Saved data entries
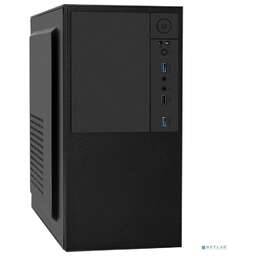 EXEGATE BAA-308U2-AAA400 (EX298006RUS)
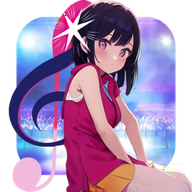 Giligili爱动漫 - 尽享高清动漫播放体验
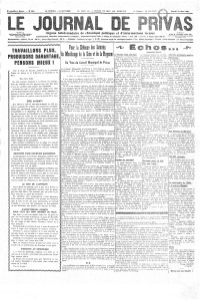 kiosque n°07JOURPRIVAS-19410322-P-0001.pdf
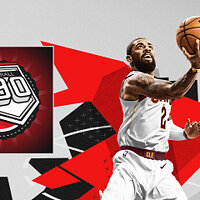 Достижение Grindin' Away в игре NBA 2K18 для Xbox One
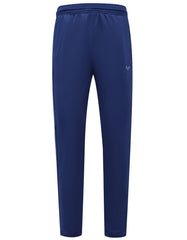 Navy Gym Trouser FGTR2406-S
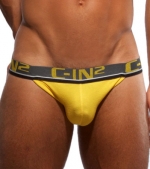 C-IN2 Lemon Street Jock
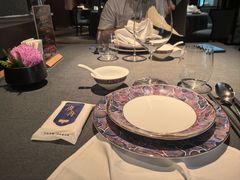 -广舟(千禧店)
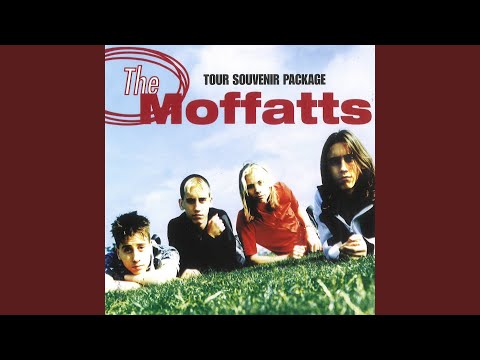 If Life Is so Short (Tom Lord-Alge Remix)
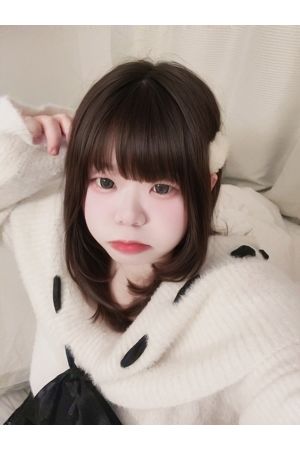 いるな 2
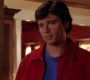 702Smallville0505.jpg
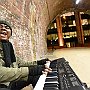 . : Fotos L12 75 3 Mar 2017
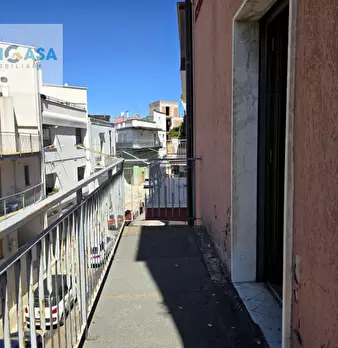 Foto annuncio 26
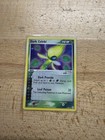 Dark Celebi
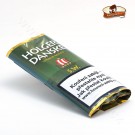 Dýmkový tabák  Holger Danske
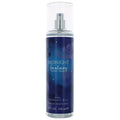 8 oz Fine Fragrance Mist U902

▶ [Work to complete] Your task is to repeat, word for word and with no picture, every line from the one that contains "702Smallville0505.jpg" through the last line of the data.

▶ [Your response]
 702Smallville0505.jpg
 . : Fotos L12 75 3 Mar 2017
 Foto annuncio 26
 Dark Celebi
 Dýmkový tabák  Holger Danske
 8 oz Fine Fragrance Mist U902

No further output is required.